=== Section Start ===
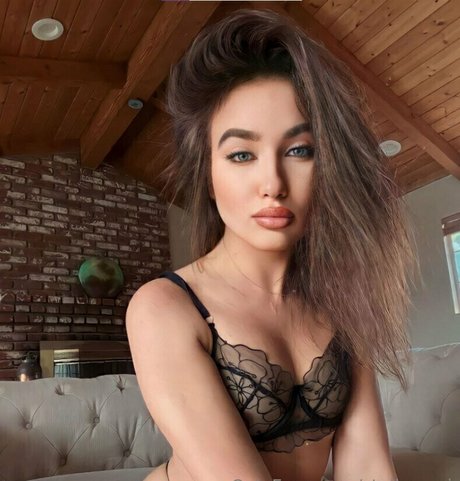 stellamori étoile hd image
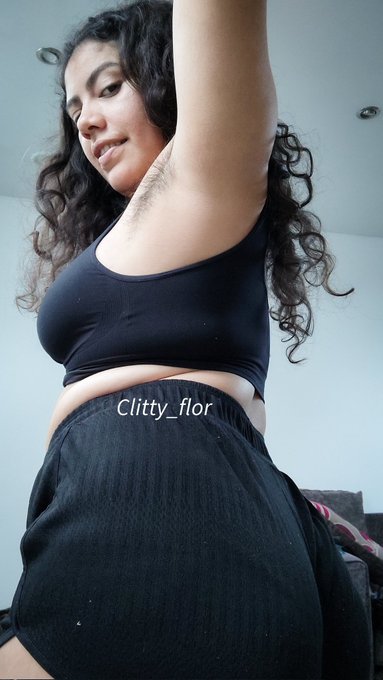 Grab my ass and smell my armpits 😏 https://t.co/HpCP72Aj30<a href="/tag/mvsales"class="tags"><span>#mvsales</span></a>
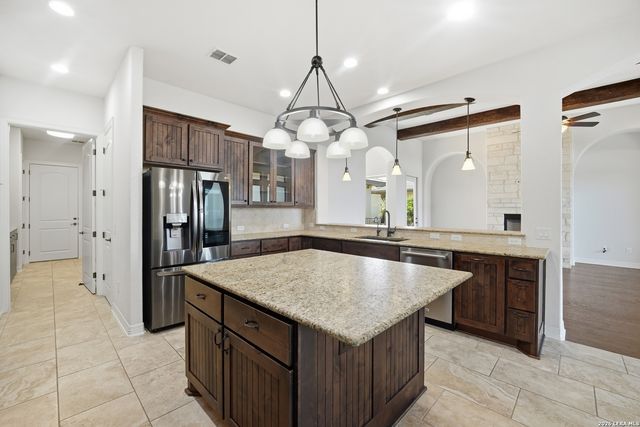6706 Bella Colina, San Antonio, TX 78256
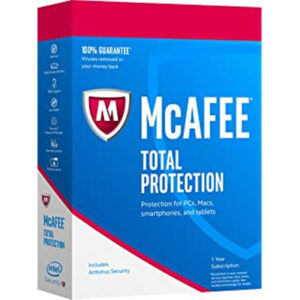 McAfee-2016-Total-Protection
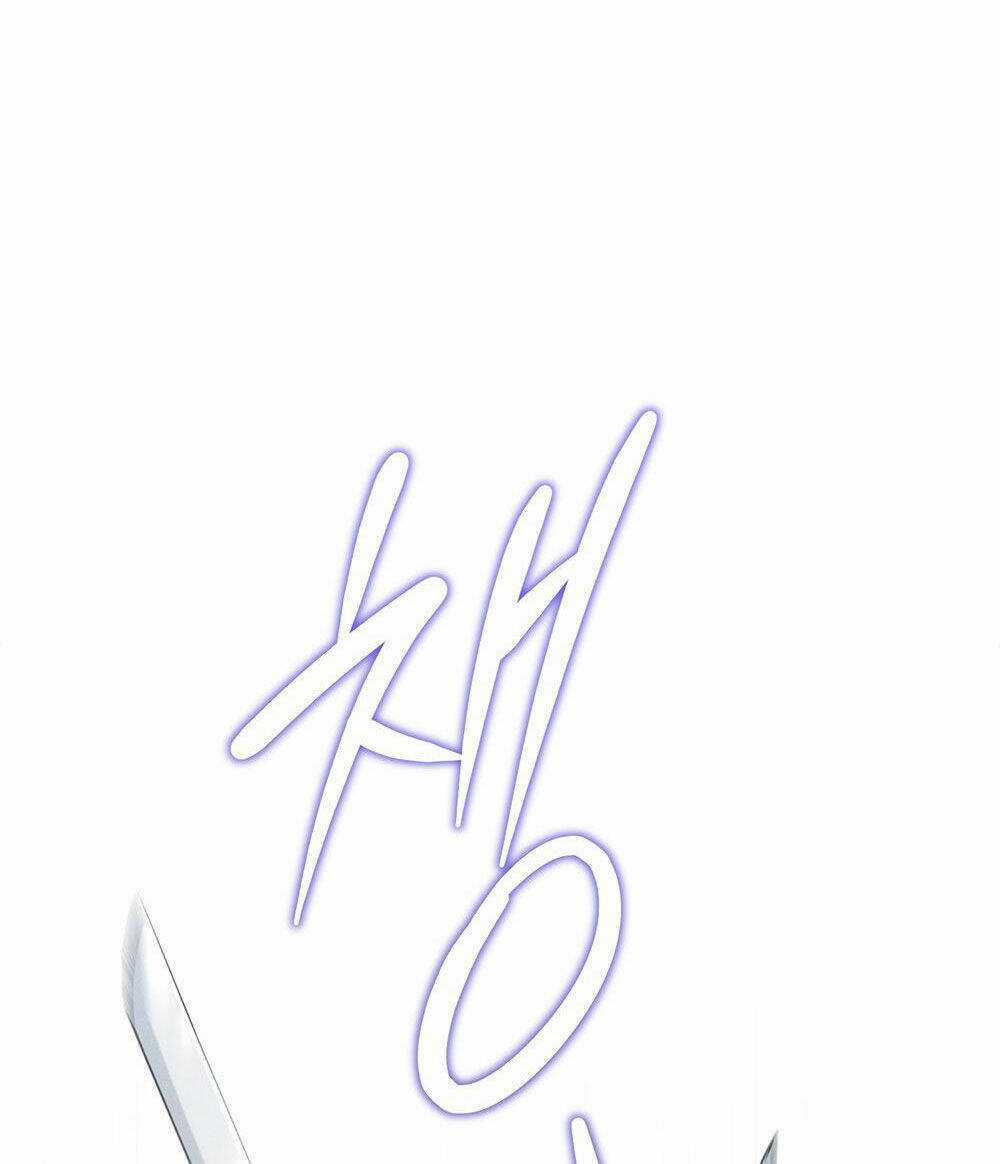 Mokrin - Chapter 22.1 - Trang 11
=== Section End ===
Set down only the lines from the one with "6706 Bella Colina, San Antonio, TX 78256" through the end of the entries, exactly as they appear, leaving out each picture.

6706 Bella Colina, San Antonio, TX 78256
 McAfee-2016-Total-Protection
 Mokrin - Chapter 22.1 - Trang 11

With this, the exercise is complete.